(Beginning of Exercise material)
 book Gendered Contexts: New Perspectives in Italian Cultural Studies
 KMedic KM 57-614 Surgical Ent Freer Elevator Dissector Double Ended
(End of Exercise material)
(Beginning of Exercise material)
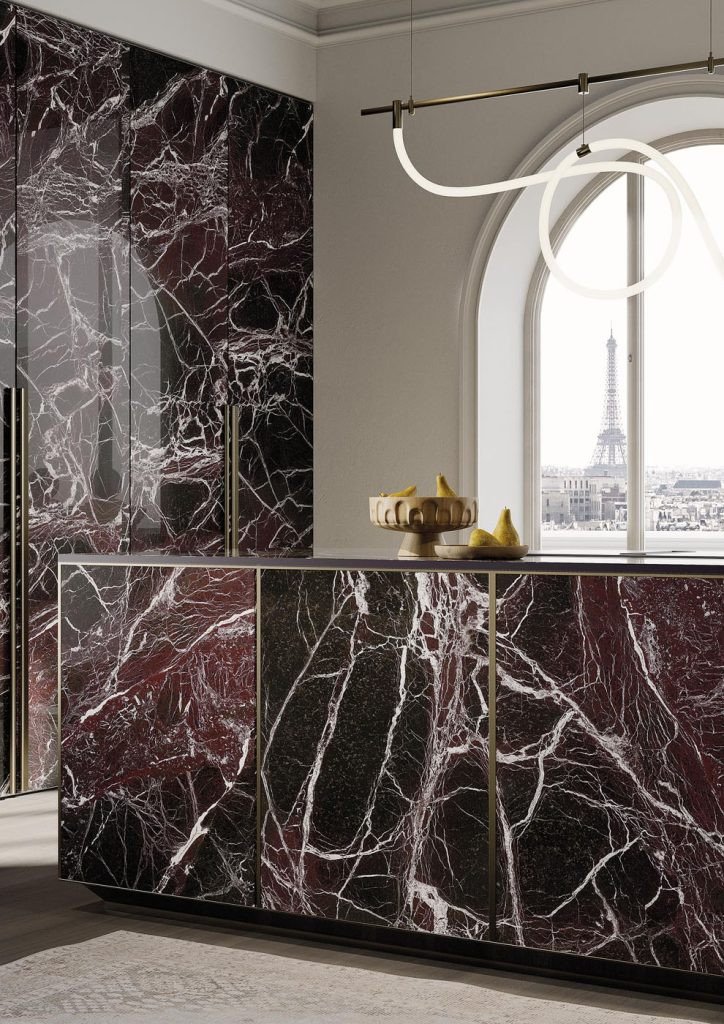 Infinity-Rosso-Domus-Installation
(End of Exercise material)
(Beginning of Exercise material)
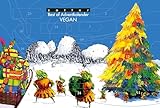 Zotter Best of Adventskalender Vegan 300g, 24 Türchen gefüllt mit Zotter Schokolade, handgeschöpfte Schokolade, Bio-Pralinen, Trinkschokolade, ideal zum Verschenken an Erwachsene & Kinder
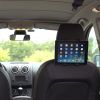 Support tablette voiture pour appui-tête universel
(End of Exercise material)
§ Task brief: Within the material above, the line with "book Gendered Contexts: New" opens the range and the line with "KMedic KM 57-614" closes it; reproduce that range word for word.

§ Response for this exercise:
 book Gendered Contexts: New Perspectives in Italian Cultural Studies
 KMedic KM 57-614 Surgical Ent Freer Elevator Dissector Double Ended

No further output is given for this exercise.